* Supplied data:
<<<<

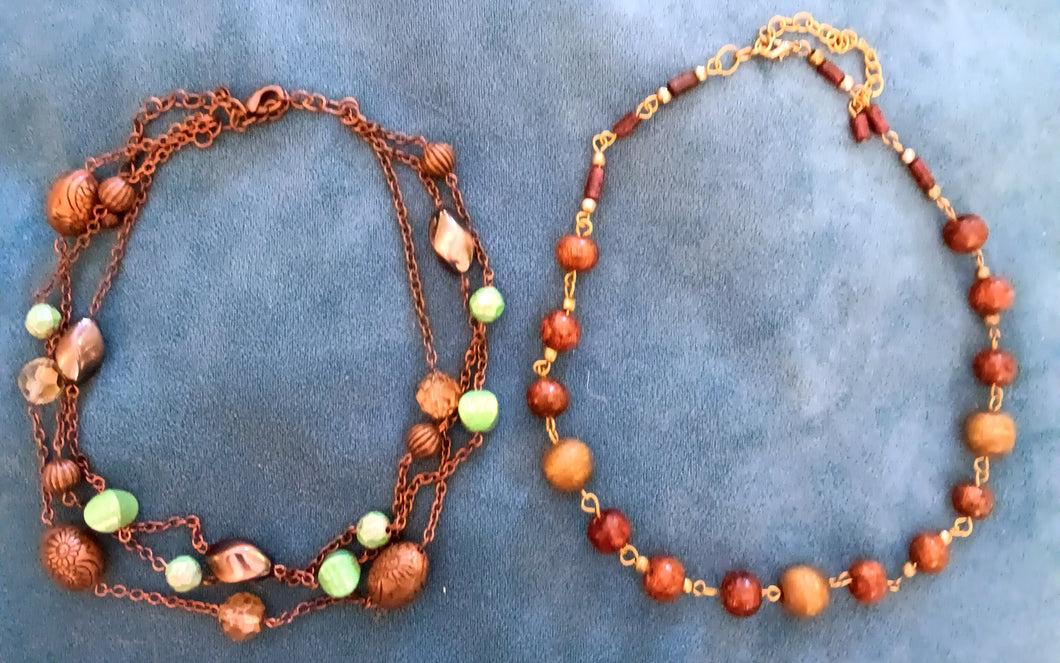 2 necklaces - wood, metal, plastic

>>>>
<<<<

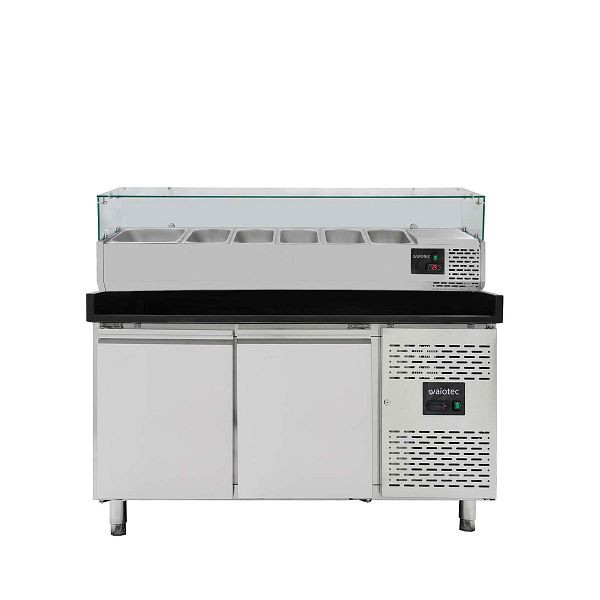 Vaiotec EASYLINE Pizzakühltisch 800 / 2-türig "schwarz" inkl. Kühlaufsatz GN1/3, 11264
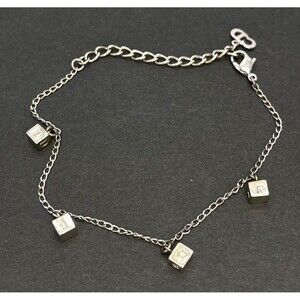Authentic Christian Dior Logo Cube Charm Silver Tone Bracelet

>>>>

* Exercise details:
Above are the records; copy exactly the lines from the one with "Vaiotec EASYLINE Pizzakühltisch" through the one with "Authentic Christian Dior", including both, and nothing more. Leave out pictures.

* Completed task:
 Vaiotec EASYLINE Pizzakühltisch 800 / 2-türig "schwarz" inkl. Kühlaufsatz GN1/3, 11264
Authentic Christian Dior Logo Cube Charm Silver Tone Bracelet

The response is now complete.